Multiple Streams of Income – How To Make Money In Real Estate

Are you where you want to be in your financial journey? Most doctors and other high-income earners that initially join the Passive Investors Circle typically don’t seem to be.

Why? For the most part, they haven’t taken the time to evaluate their investments. To be more specific, they don’t have a financial plan or have a clear set of financial goals they’re trying to accomplish.

I’d like to retire someday” is just NOT going to get it.

Too many of us get up each morning and go to our jobs. That’s right it’s a J-O-B. Because without us going in and doing the work, no money would come in.

That’s what is called active income.

Unfortunately, if you continue down this path, you’ll be working a lot longer than you may want.

And hopefully nothing happens to your health along the way.

In the past, we’ve talked a great deal about how to create passive income.

Here’s a few articles in case you missed them:

Today I want to get into some specifics about creating multiple streams of income and the four ways you can accomplish this using real estate.

Multiple Streams Of Income

There have been many books that have studied millionaires.
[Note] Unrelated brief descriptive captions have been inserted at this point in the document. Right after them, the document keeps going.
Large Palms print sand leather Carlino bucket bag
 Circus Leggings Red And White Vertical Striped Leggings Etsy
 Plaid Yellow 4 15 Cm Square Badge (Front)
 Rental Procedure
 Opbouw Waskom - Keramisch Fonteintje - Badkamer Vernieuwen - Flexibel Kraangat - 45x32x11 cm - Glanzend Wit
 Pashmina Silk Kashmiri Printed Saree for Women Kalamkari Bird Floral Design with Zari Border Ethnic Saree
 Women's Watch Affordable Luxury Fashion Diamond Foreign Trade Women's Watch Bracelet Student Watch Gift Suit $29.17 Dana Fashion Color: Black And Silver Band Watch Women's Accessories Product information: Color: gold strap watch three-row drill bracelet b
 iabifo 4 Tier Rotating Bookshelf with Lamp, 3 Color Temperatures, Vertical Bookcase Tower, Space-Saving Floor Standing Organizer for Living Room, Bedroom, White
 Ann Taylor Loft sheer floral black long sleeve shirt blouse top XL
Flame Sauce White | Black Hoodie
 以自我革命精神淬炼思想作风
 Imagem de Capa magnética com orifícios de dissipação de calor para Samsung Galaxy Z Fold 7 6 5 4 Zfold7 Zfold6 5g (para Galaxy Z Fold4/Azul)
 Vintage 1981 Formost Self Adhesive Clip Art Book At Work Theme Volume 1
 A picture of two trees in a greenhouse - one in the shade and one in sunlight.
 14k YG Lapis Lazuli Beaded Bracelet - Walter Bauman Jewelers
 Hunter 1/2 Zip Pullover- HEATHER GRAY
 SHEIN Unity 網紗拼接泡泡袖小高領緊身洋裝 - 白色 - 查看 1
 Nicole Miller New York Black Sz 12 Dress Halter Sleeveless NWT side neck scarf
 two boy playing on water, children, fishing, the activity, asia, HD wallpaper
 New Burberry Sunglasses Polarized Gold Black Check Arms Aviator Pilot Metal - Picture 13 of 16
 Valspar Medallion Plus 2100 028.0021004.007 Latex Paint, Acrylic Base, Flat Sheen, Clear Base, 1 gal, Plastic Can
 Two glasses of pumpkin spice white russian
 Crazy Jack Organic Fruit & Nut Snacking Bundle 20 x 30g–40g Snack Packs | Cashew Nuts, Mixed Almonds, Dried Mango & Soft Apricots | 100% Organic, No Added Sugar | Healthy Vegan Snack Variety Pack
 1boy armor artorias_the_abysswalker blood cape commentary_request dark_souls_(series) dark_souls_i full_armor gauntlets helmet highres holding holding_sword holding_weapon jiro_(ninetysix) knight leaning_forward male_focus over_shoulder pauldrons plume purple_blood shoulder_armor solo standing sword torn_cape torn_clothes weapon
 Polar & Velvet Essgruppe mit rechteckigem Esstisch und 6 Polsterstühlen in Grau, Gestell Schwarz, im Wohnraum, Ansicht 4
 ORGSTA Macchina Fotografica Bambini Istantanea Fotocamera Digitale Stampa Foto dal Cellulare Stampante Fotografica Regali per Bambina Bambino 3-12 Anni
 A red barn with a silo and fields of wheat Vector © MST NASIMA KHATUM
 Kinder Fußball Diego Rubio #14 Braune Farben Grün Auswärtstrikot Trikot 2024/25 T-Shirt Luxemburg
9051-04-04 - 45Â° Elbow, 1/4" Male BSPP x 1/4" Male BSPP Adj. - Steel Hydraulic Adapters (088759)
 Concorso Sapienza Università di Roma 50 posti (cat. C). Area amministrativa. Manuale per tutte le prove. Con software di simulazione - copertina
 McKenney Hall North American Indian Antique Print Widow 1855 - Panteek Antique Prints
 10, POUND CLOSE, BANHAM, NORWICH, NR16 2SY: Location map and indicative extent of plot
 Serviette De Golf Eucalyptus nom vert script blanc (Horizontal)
Two popular ones are:

Most of the research shows that millionaires have an average of seven streams of income.

It seems that the millionaire understands the importance of multiple income streams.

Without them, who knows, they may have never broken the million dollar mark.

Why should we create multiple streams of income?

How many times have you gotten stressed out at work because the money coming in slowed to a trickle?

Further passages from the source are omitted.